Another common scenario sees resentment fomented when a child with many siblings takes on a larger role in the parents’ business.

“Some parents want to keep a level playing field between siblings, even though one is more active than the other, which can be hard to accept for the child who is working and wants to see some advantage,” Gossin says.

In one of his cases, he says a parent who offered to sell the family business to a highly involved child caught flak from a less-engaged clan member who believed the deal was too generous to their sibling.

“Family resentment ensued, virtually to the end of time,” Gossin says.

In other cases, more distant relatives without much else in common can find themselves thrown together to co-operate in the operation of the family business, he says.
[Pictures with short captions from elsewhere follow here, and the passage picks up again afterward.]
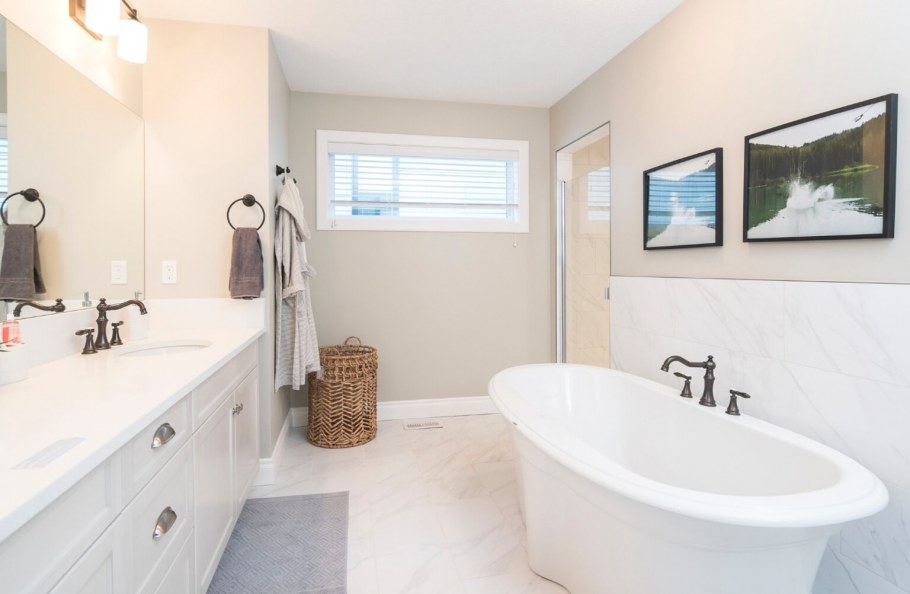 Покраска стен в ванной вместо плитки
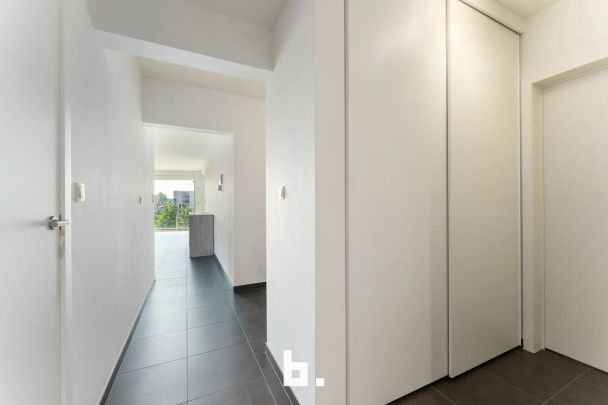 Ruim en lichtrijk appartement met 3 slaapkamers, zonneterras en garage - Photo 1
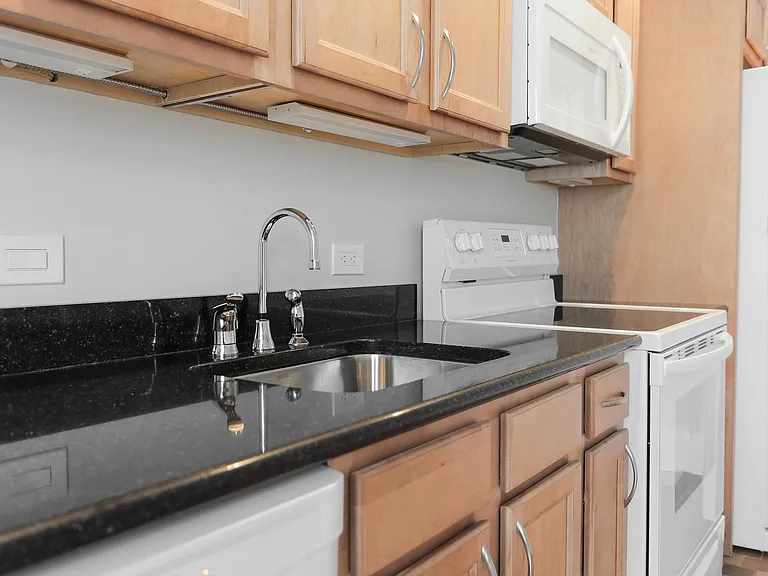 15100 Detroit Ave #8 — Photo 2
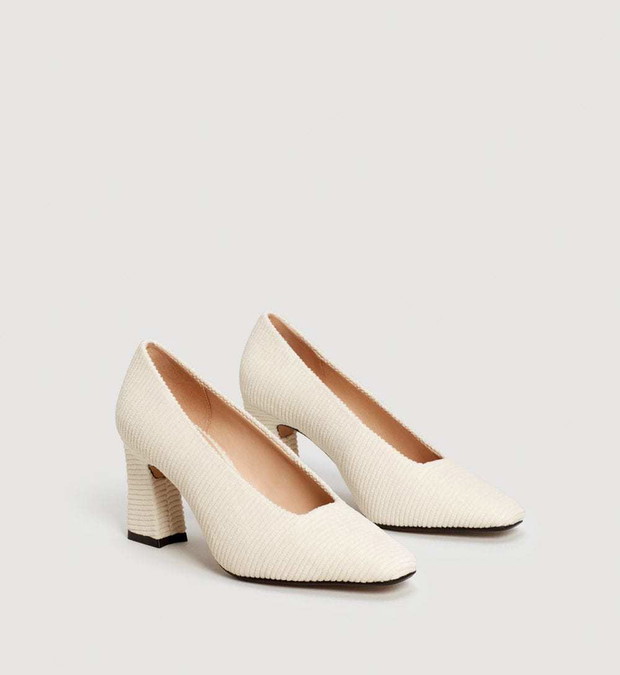 Przecenione buty Mango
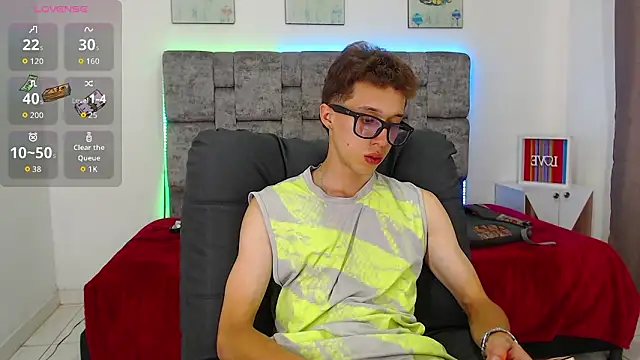 skinny bigcock02 online show from March 2, 9:33 pm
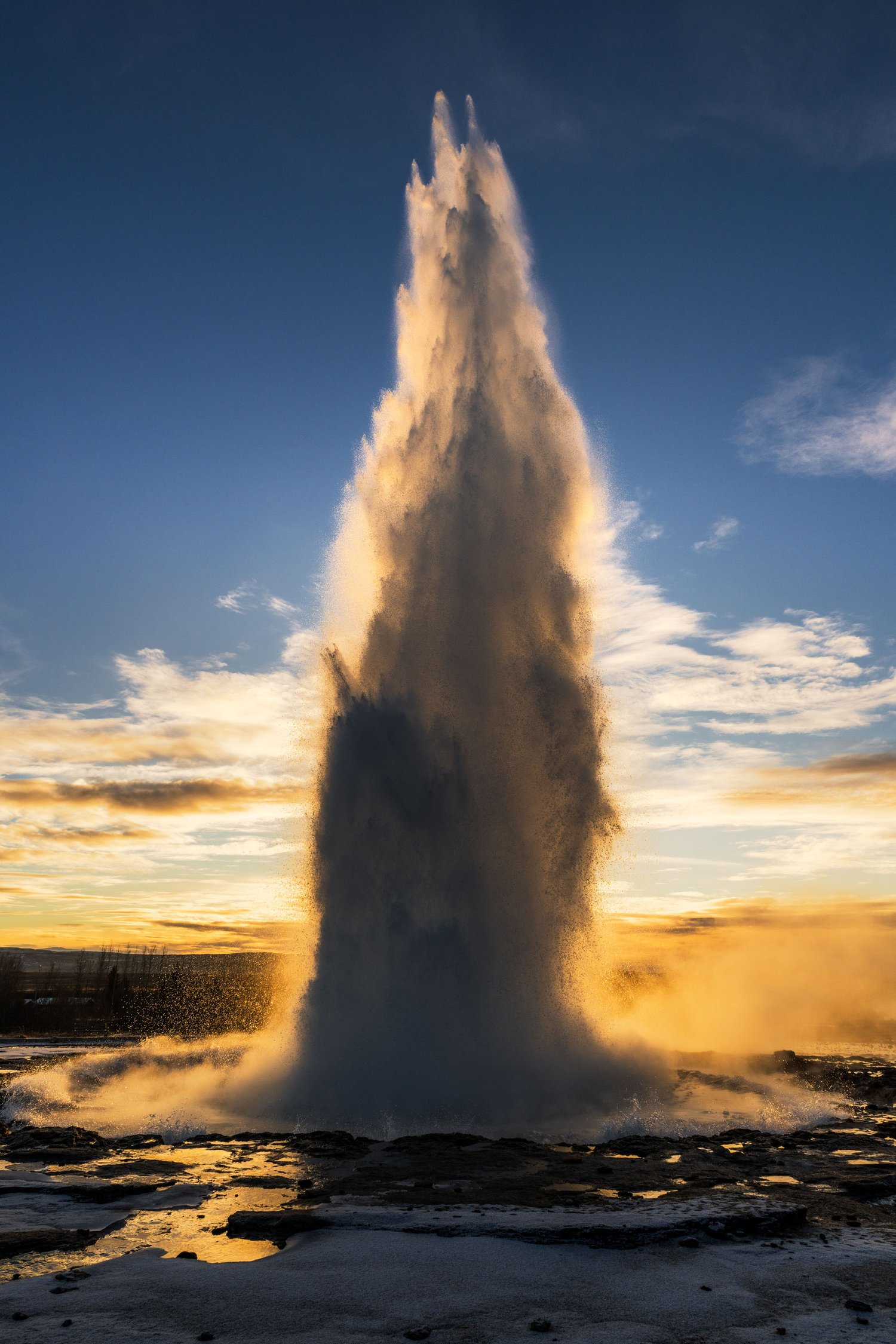 Geysir Strokkur geyser iceland golden circle landscape photography morning winter sunrise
“All kinds of nastiness can occur, and the conflict can take over the business,” Gossin says.

But a bit of familial distance is not always a bad thing, he says, recalling another case in which brothers-in-law were able to put their personal differences aside for the sake of their shared business.

“They were both smart enough to realize that they were successful because of what they each brought to the table,” Gossin says. “That sometimes gets lost.”

Whatever the details of the case before him, Gossin tries to gain an understanding of the family backstory, encouraging parties to confront deeper issues standing in the way of functional management.

“A skilled mediator has to be sensitive to the long history that is involved, and the nature of all the different relationships,” he says.